The last few days I’ve felt like I really needed to be working on that white fluff project in case something happened and I found myself wishing it were done yesterday. But I was busy doing a lot of back-home-again things other than sitting down and holding still and brushed away the thought with, it only needs about three more hours of work to be long enough; if something comes up, I can do that pretty fast. Right?

I did talk myself into starting something else today, putting a hank on the back of a chair and standing there winding it up–but my hands could not be convinced. I wound up that ball, telling myself I’d leave the cloud for when I needed brainless knitting for carrying around. I saw no hurry.

But I felt one. I just could not make myself actually cast on with the new ball. The cloud was demanding to be done. Now.

I had no idea why.

We were talking to the kids tonight and I found myself asking them, Is there anything you need knit?

After a moment’s hesitation, they said, well, actually… if…

Turns out someone they know well and we all love, someone fairly young, was diagnosed just a day or two ago with metastasized cancer.
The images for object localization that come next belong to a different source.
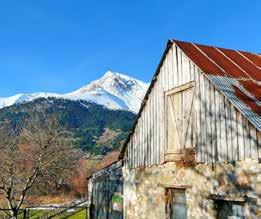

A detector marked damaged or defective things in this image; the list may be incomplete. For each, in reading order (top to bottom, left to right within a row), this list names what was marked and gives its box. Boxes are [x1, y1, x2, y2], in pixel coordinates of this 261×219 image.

rusty roof edge [119, 39, 174, 159]
rusty corrugated metal roof [174, 39, 258, 130]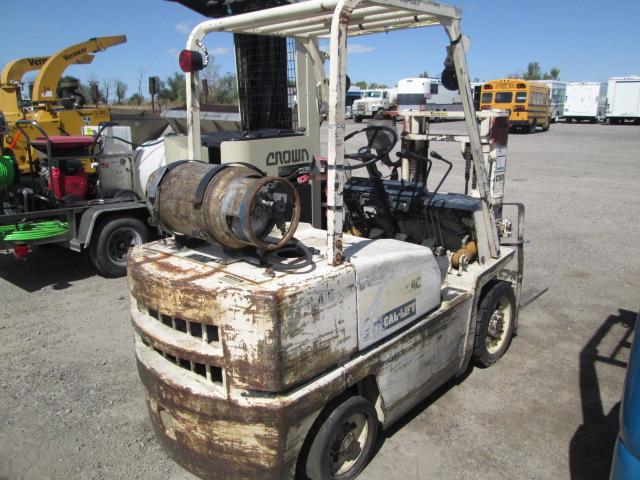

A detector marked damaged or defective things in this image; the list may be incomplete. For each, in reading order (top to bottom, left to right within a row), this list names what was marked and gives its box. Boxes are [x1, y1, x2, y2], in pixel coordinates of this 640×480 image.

rusty metal body [127, 225, 516, 480]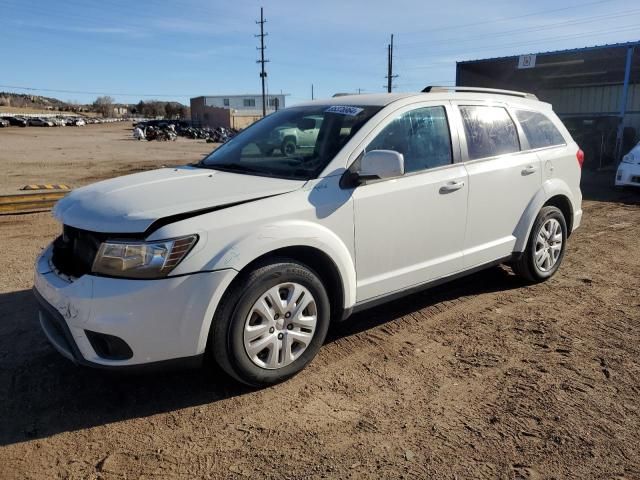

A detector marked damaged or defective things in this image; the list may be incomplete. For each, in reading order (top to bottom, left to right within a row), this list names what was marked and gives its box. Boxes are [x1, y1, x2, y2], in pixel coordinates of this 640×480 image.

crumpled hood [53, 166, 306, 233]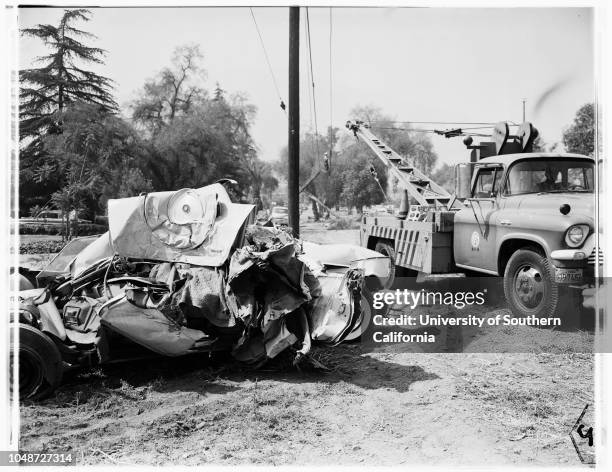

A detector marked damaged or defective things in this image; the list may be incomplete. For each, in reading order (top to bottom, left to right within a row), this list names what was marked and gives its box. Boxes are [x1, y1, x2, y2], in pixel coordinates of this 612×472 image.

mangled car frame [13, 183, 388, 398]
wrecked car [11, 183, 390, 400]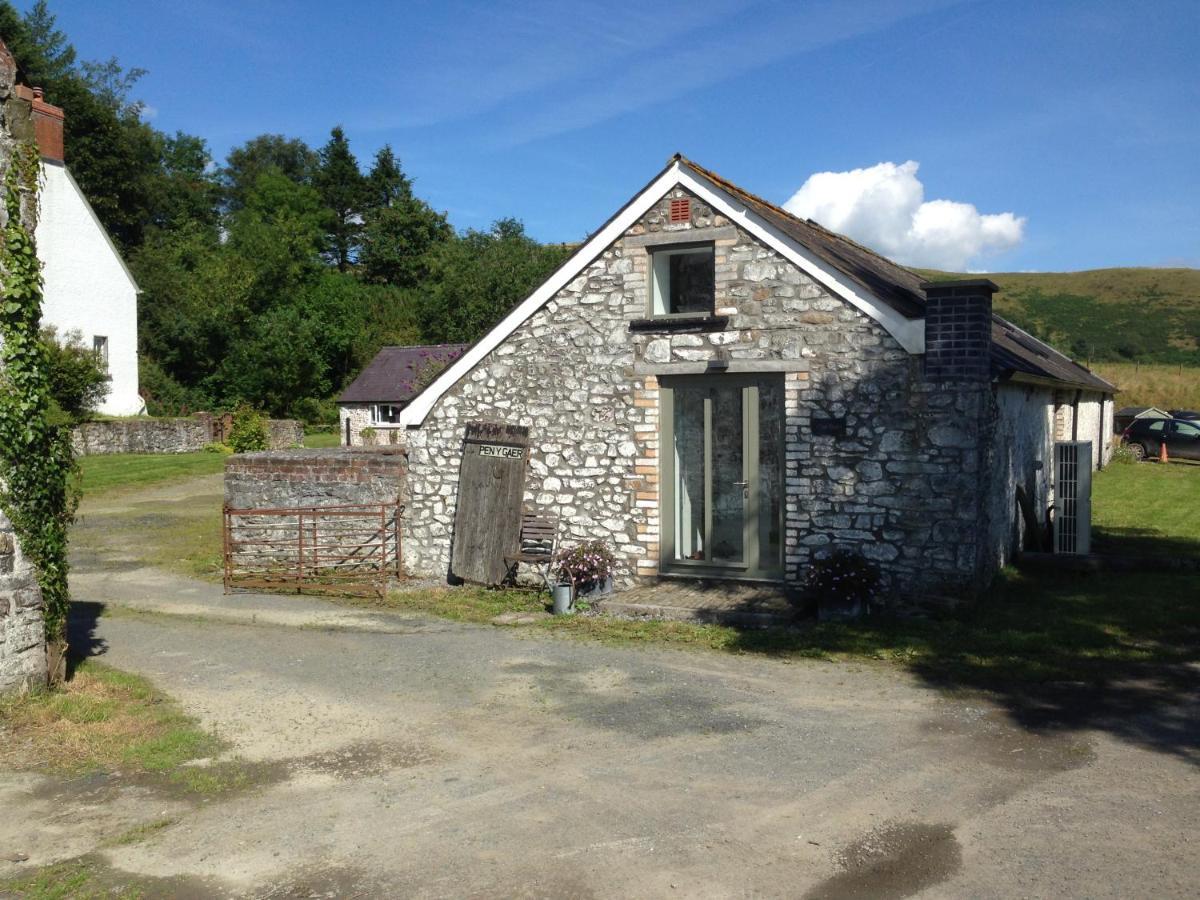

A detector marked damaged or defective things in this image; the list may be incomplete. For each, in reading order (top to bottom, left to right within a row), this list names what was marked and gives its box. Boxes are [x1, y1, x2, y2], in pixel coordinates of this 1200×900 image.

rusty metal gate [219, 501, 398, 600]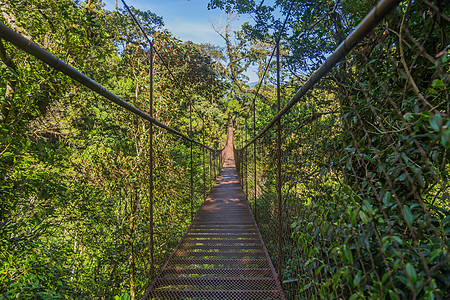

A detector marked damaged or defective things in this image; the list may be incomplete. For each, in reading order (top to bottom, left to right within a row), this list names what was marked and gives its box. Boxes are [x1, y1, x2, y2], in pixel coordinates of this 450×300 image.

rusty metal surface [142, 124, 284, 298]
They were wishing… But they wanted somehow for something to go out quickly: for immediate reassurance, for love, for the hope that it would represent coming from all of us.

And here, right here in my hands…

Some of that lace will have been knit just because, just the very first few inches of it (that stayed, because kid mohair is too hard to frog and I knew that since I’d wanted to work on it once, someday I’d want to work on it again.)  A lot of it was knit because something somehow prompted me a week ago to go find it and grab it while packing for my trip, after all its years of ziploc exile. (It was the needles that stopped it. Never knit snaggy-fibered kid mohair with very blunt tips.)

And some of that lace, now, will have been knit expressly for the loved one it’s going to. Which is why I’m glad now that I didn’t think to grab the finer-tipped needles before the trip, which would have sped up the knitting and gotten it finished before I got home.

One hug of soft airy fluff, coming up. Phyllis, this is from the leftover yarn from your shawl.